• Instructions for the task
Nothing but the lines from the one containing "Guantes malla amarillo rejilla cortos 11 cm" through the one containing "Aussie Koala Mama", both included, should be given again, each exactly as written below.

[Source data]
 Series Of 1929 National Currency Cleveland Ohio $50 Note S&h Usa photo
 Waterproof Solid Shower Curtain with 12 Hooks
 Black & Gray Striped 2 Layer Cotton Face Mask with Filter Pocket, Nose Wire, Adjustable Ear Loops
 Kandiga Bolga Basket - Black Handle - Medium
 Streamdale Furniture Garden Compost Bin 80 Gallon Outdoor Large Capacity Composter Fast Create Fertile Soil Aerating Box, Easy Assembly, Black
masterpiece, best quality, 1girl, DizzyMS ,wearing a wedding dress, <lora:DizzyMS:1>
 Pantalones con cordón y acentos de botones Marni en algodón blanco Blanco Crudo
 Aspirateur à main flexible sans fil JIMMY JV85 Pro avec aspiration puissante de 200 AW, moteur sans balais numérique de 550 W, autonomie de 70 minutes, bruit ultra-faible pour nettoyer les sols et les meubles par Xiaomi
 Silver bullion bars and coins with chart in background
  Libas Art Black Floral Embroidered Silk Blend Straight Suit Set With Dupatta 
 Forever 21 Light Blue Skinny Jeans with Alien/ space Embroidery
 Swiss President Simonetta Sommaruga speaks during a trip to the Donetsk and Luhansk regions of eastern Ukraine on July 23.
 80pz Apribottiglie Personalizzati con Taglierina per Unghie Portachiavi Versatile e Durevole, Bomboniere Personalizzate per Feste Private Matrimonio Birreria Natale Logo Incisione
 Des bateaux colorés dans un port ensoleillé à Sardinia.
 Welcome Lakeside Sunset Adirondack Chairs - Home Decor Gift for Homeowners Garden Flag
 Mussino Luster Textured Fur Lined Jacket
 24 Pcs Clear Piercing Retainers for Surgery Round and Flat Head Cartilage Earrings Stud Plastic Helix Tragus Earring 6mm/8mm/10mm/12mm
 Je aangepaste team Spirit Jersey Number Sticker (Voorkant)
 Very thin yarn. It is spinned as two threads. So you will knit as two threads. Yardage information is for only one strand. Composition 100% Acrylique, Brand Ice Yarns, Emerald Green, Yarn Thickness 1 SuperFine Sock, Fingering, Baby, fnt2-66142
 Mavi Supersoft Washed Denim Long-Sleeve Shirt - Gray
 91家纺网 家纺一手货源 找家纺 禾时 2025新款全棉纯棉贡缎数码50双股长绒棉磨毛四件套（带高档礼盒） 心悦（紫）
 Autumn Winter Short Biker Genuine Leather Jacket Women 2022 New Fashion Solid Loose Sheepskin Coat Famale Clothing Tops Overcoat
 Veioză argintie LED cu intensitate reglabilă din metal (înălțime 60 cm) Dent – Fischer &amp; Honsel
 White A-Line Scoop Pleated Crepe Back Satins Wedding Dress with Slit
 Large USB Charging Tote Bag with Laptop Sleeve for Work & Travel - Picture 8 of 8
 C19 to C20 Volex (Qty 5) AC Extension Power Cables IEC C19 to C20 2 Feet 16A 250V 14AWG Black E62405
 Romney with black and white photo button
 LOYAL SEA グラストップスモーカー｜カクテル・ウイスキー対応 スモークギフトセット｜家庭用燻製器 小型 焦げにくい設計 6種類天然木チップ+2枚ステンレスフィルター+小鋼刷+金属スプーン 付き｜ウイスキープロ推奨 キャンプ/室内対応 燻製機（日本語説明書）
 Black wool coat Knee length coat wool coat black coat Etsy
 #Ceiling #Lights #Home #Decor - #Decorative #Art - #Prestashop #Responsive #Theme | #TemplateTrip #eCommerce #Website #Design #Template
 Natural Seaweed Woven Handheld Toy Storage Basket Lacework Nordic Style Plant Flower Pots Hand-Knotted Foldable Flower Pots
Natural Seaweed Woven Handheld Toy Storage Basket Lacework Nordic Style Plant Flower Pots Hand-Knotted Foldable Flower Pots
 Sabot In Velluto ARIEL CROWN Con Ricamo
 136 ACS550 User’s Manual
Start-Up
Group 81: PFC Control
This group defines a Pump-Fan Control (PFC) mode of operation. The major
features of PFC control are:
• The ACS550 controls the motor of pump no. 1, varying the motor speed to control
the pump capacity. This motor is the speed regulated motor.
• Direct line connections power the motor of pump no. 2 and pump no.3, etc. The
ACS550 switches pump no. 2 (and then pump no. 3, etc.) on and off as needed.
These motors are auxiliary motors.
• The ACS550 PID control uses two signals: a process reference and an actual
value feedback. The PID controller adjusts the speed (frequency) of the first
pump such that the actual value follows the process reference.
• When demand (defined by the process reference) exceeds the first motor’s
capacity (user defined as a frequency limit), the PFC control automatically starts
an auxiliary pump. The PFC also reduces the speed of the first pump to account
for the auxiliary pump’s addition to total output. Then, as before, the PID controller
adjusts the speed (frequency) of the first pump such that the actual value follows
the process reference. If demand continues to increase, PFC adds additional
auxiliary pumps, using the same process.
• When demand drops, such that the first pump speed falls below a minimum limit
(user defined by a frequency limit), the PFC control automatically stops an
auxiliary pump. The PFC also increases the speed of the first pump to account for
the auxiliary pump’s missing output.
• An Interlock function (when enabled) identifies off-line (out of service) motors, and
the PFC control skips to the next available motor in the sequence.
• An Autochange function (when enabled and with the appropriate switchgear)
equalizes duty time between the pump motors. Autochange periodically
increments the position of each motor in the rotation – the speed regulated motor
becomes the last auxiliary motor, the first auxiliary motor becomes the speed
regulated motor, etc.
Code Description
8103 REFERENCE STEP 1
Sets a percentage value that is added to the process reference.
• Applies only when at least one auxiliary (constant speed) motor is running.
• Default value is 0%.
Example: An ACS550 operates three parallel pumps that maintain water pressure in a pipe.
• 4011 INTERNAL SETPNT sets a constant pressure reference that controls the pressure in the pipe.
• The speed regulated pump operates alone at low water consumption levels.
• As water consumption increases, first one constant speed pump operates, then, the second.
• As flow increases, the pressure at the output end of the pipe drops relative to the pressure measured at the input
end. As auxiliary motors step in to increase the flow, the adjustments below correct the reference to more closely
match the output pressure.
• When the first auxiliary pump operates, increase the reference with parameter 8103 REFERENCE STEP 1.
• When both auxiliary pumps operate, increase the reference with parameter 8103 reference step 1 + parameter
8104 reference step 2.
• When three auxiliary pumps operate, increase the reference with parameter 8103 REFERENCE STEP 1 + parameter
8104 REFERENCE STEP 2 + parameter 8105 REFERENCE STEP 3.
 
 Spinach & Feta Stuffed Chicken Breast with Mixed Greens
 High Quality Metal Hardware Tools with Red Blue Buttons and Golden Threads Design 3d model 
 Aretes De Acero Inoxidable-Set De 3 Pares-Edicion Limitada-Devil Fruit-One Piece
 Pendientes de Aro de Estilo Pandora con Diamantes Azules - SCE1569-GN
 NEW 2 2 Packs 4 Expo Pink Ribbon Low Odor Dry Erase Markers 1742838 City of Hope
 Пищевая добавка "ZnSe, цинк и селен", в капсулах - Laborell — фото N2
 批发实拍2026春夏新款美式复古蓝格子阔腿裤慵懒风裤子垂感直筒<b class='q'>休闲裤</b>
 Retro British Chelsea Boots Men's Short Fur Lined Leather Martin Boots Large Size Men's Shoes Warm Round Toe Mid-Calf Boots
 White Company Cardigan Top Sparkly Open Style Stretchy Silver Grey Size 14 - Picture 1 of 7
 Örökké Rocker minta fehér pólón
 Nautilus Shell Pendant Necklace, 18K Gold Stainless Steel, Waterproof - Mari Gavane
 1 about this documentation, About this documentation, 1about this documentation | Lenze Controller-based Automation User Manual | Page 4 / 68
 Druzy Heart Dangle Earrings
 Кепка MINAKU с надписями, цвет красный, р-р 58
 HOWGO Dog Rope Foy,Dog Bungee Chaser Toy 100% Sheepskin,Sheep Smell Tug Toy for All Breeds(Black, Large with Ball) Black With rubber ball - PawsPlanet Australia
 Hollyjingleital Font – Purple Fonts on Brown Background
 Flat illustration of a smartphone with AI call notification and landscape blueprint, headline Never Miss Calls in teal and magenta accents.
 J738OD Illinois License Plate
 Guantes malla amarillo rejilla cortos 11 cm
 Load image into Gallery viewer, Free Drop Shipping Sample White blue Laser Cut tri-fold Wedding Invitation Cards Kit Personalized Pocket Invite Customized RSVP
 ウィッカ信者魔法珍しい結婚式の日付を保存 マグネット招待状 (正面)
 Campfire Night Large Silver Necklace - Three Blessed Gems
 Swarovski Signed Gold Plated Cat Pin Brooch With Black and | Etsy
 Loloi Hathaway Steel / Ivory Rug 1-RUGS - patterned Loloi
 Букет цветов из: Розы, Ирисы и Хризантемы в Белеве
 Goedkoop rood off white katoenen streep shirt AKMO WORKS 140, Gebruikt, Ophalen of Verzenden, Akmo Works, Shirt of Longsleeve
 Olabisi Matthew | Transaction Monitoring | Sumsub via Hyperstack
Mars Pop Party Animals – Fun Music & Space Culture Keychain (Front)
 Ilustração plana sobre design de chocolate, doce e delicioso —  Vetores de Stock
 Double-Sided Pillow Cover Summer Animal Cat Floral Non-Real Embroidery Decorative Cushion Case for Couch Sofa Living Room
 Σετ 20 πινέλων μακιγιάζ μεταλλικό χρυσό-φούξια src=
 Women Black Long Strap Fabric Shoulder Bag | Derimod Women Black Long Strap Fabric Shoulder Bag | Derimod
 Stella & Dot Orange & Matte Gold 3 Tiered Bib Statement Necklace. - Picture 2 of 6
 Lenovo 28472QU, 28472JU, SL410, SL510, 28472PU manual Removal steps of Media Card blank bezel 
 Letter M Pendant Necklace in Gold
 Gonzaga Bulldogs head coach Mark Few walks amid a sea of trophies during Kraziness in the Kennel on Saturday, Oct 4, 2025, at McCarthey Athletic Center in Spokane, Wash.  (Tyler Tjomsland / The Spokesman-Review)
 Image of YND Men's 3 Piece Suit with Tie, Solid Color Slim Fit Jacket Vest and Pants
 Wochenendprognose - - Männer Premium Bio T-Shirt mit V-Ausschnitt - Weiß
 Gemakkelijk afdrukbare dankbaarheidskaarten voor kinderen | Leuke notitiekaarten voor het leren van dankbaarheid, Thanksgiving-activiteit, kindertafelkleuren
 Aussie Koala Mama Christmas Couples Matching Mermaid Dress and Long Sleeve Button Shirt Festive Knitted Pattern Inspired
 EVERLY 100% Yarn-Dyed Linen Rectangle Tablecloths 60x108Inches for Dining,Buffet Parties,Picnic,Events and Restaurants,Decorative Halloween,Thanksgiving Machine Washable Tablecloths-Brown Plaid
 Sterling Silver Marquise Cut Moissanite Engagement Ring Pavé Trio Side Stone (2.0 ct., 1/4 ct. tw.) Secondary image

• The answer
 Guantes malla amarillo rejilla cortos 11 cm
 Load image into Gallery viewer, Free Drop Shipping Sample White blue Laser Cut tri-fold Wedding Invitation Cards Kit Personalized Pocket Invite Customized RSVP
 ウィッカ信者魔法珍しい結婚式の日付を保存 マグネット招待状 (正面)
 Campfire Night Large Silver Necklace - Three Blessed Gems
 Swarovski Signed Gold Plated Cat Pin Brooch With Black and | Etsy
 Loloi Hathaway Steel / Ivory Rug 1-RUGS - patterned Loloi
 Букет цветов из: Розы, Ирисы и Хризантемы в Белеве
 Goedkoop rood off white katoenen streep shirt AKMO WORKS 140, Gebruikt, Ophalen of Verzenden, Akmo Works, Shirt of Longsleeve
 Olabisi Matthew | Transaction Monitoring | Sumsub via Hyperstack
Mars Pop Party Animals – Fun Music & Space Culture Keychain (Front)
 Ilustração plana sobre design de chocolate, doce e delicioso —  Vetores de Stock
 Double-Sided Pillow Cover Summer Animal Cat Floral Non-Real Embroidery Decorative Cushion Case for Couch Sofa Living Room
 Σετ 20 πινέλων μακιγιάζ μεταλλικό χρυσό-φούξια src=
 Women Black Long Strap Fabric Shoulder Bag | Derimod Women Black Long Strap Fabric Shoulder Bag | Derimod
 Stella & Dot Orange & Matte Gold 3 Tiered Bib Statement Necklace. - Picture 2 of 6
 Lenovo 28472QU, 28472JU, SL410, SL510, 28472PU manual Removal steps of Media Card blank bezel 
 Letter M Pendant Necklace in Gold
 Gonzaga Bulldogs head coach Mark Few walks amid a sea of trophies during Kraziness in the Kennel on Saturday, Oct 4, 2025, at McCarthey Athletic Center in Spokane, Wash.  (Tyler Tjomsland / The Spokesman-Review)
 Image of YND Men's 3 Piece Suit with Tie, Solid Color Slim Fit Jacket Vest and Pants
 Wochenendprognose - - Männer Premium Bio T-Shirt mit V-Ausschnitt - Weiß
 Gemakkelijk afdrukbare dankbaarheidskaarten voor kinderen | Leuke notitiekaarten voor het leren van dankbaarheid, Thanksgiving-activiteit, kindertafelkleuren
 Aussie Koala Mama Christmas Couples Matching Mermaid Dress and Long Sleeve Button Shirt Festive Knitted Pattern Inspired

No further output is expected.